How to complete this task
All lines below between the line with "肉丝豆角炒米粉的做法图解14" and the line with "Unlit -Northlight 252145299432240", including both, must be copied exactly, and the pictures must be omitted.

Provided entries
-- Opening Marker --

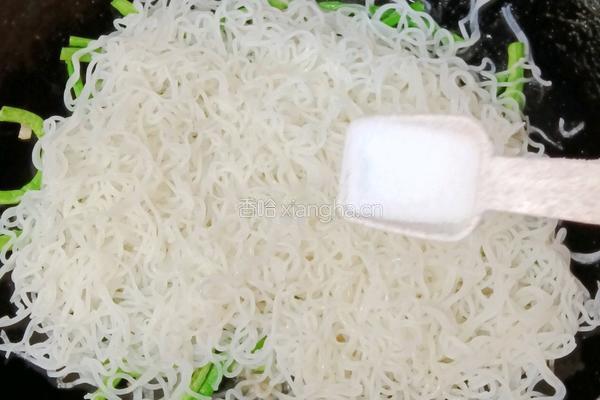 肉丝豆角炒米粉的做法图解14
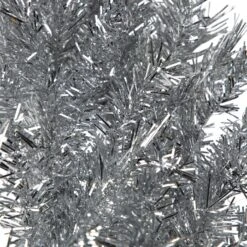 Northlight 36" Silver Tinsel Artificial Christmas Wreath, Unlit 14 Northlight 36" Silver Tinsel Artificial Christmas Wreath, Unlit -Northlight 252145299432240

-- Closing Marker --
-- Opening Marker --

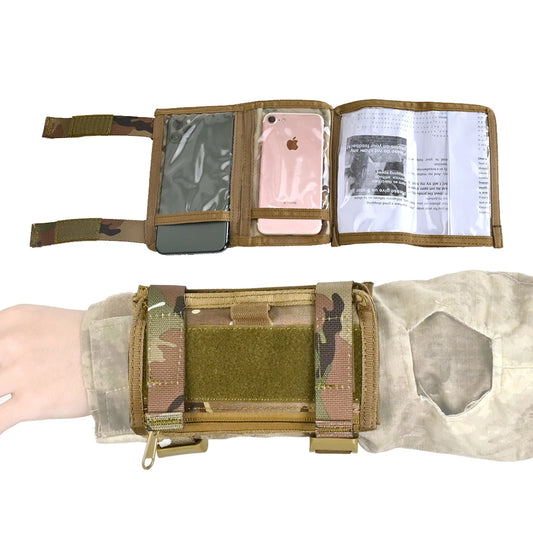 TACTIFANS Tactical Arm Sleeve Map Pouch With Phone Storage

-- Closing Marker --

Answer space
 肉丝豆角炒米粉的做法图解14
 Northlight 36" Silver Tinsel Artificial Christmas Wreath, Unlit 14 Northlight 36" Silver Tinsel Artificial Christmas Wreath, Unlit -Northlight 252145299432240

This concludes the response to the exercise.